From the Great Depression to the Great Recession: How Two Financial Crises Shape America
Introduction
Two defining moments in the economic history of the United States are the 1929 Stock Market Crash and the 2008 Financial Crisis. These two events which took place about 80 years apart have common features relating to their origins, effects, and responses from the government. These crises devastated millions of Americans, affected the world economy, and caused a significant shift in economic policymaking. The reasoning behind these events may have been different but the results in terms of unemployment, poverty, and financial instability were the same, which reshaped the course of America’s economy.
The 1929 Stock Market Crash
The 1929 Stock Market Crash, also known as Black Tuesday, occurred on October 29, 1929. This event marked the start of the Great Depression, one of the most widely regarded devastating periods in economic history. The crash followed a period of unprecedented economic prosperity known as the Roaring Twenties, which was fueled by industrial growth and rapid investment in the stock market. Thus, the boom of the market convinced many Americans to invest in stocks via borrowed funds. This was called buying on margin or purchasing securities on margin with limited collateral. Nonetheless, this bubble of the stock market created by speculation led people to hold inflated values of stocks which was unsustainable.

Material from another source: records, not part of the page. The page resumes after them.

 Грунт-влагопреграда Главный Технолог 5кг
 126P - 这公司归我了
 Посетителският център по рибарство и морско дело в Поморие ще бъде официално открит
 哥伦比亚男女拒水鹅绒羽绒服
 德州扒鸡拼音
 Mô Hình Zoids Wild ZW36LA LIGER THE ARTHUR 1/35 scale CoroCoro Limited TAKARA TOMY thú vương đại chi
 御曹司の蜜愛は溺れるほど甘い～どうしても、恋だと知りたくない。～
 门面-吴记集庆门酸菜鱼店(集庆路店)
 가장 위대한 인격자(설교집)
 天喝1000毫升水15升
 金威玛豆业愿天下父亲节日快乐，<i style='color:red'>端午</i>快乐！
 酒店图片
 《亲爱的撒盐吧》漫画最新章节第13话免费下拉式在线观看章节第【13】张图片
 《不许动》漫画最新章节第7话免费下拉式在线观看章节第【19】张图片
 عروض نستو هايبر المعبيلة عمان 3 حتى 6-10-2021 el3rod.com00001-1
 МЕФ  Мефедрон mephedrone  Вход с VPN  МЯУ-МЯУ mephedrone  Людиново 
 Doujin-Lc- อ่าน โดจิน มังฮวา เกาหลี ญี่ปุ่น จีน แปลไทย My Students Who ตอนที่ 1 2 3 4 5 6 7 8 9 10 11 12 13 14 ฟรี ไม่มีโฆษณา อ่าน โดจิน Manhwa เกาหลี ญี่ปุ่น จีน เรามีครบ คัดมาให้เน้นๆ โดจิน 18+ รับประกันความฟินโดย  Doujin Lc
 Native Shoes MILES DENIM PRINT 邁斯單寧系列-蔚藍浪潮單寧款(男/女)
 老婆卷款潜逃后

Toward the end of October 1929, as stock prices started to drop, fear began to set in among the American people who held such investments. Many investors rushed to get rid themselves of their shares. This triggered a historic market crash. By the end of that week, the stock market had already lost around thirty percent of its valuation and the effects of this stock market crash were felt all over the economy. In the years to come, the U.S. experienced a wave of bank defaults, soaring unemployment, and a collapse of industrial output. By the year 1933, close to twenty-five percent of the people were unemployed and the situation of the economy was catastrophic. The increased unemployment caused a steep decline in aggregate output because high levels of structural and cyclical unemployment occurred. The recession brought about serious social and economic problems since millions of Americans were left without savings, housing, or employment.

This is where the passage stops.